Does the name make sense for your product or business? Obviously this isn’t a hard and fast rule as there are exceptions of companies with strange names that are unrelated to their actual business that have succeeded such as delicious, flickr, etc. Additionally, there are some names that very loosely related such as Google (math) and Yahoo (feeling of excitement), but are still basically nonsense words.
The shorter the better, but don’t be so focused on length that you change it a bizarre name that doesn’t make sense like frtb.com. Additionally, a one word name is usually easier/better than two or three word name.
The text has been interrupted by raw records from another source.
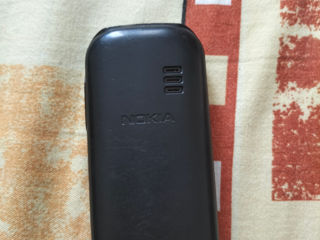 Se vinde Nokia 1280 foto 3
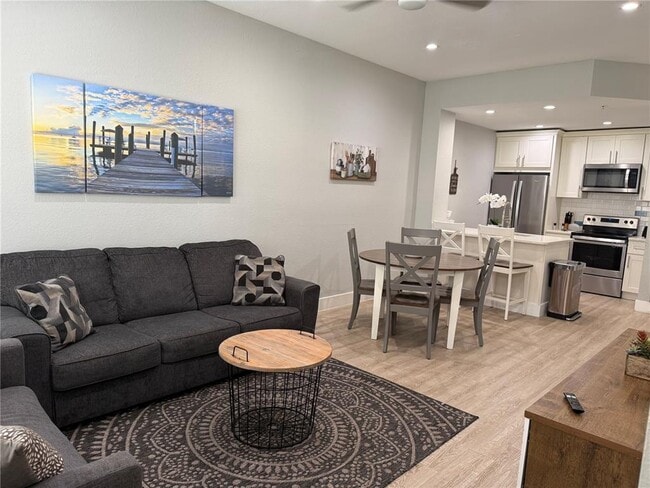 2280 San Vital Dr in Kissimmee, FL - Building Photo - Building Photo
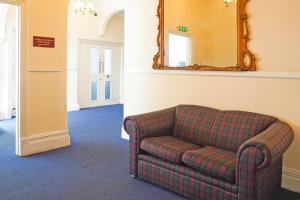 Langford Hotel, Brighton & Hove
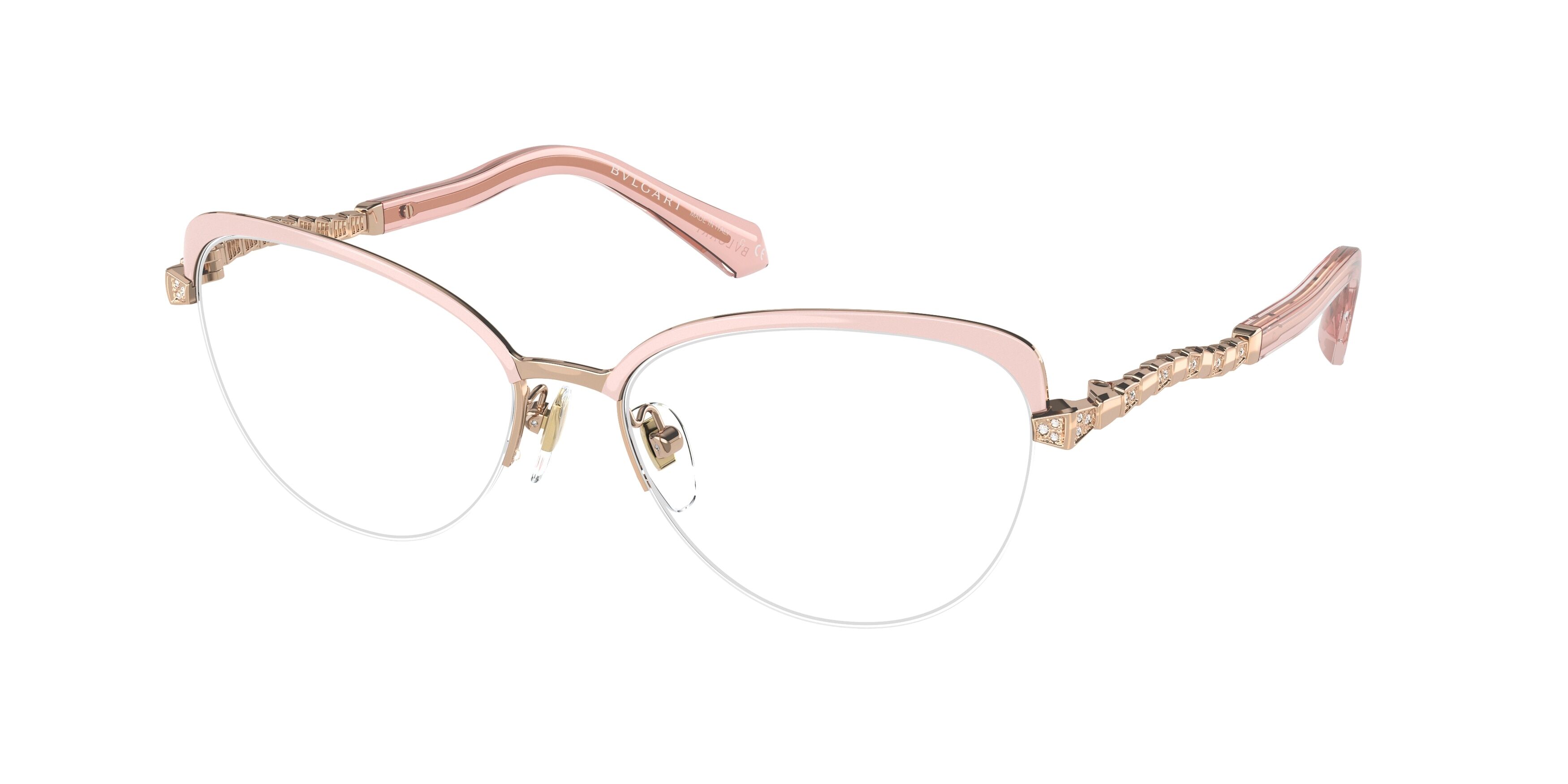 bvlgari_0bv2239b_2062_pink_gold_pink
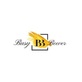 Busy Beever Estate Sales in Overland Park, KS Real Estate Appraisers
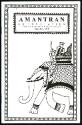 Connecticut Cultural Heritage Arts Program collections, 2015.196.50.2, Connecticut Historical S…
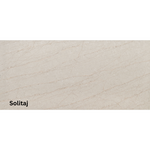 Solitaj™ Quartz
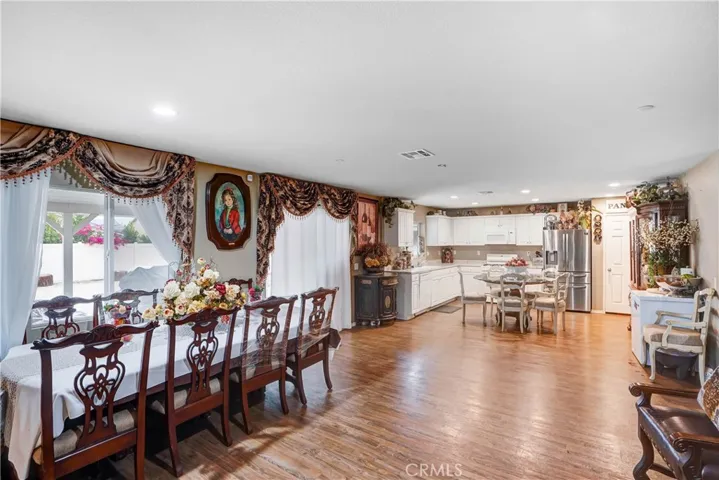 15128 Audrey Drive, Lake Elsinore, California 92530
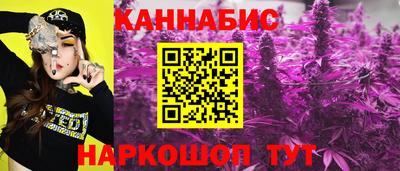 альфа пвп VHQ Шахты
Once again there are examples of companies with misspelled names that have succeeded (Digg, Flickr), but why add this additional hurdle? How many people hear about Digg and Flickr from a friend and go type in dig.com or flicker.com? That’s lost traffic you may never get back.
4. Domain extensions
You’ll also want to try and acquire as many of the other domain extensions besides .com. These include .net, .org, .info, .biz, .ws, .me., .io, .us, and if you are going to be global and have sites in other countries you should consider those as well. If you can’t acquire the .com, I’d recommend finding a name where you can find it instead. Once again, there are a few examples of companies like del.icio.us that managed to succeed, but note that they did buy the domain name delicious.com when they had enough money to pay the price later on.
5. Ability to pivot
Many companies end up changing their business model dramatically during their life. If your name is too specific to one particular model, it may constrain you from pivoting to the right model later on.
6. Don’t be too generic
All the above advice would seem to point people to a simple one word name. While this can be great if you can secure such a domain name and also not have trademark issues, there can be a downside to your name not having any personality or not being memorable if it’s too boring. Luckily, unless you’re willing to write a huge check to acquire a short one word name, you’ll have to compromise on one of the categories above.
The bottom line is that naming is tricky without having to worry about a domain name as well. Combine the two of them, and you’ve got a difficult challenge that requires significant thought and research.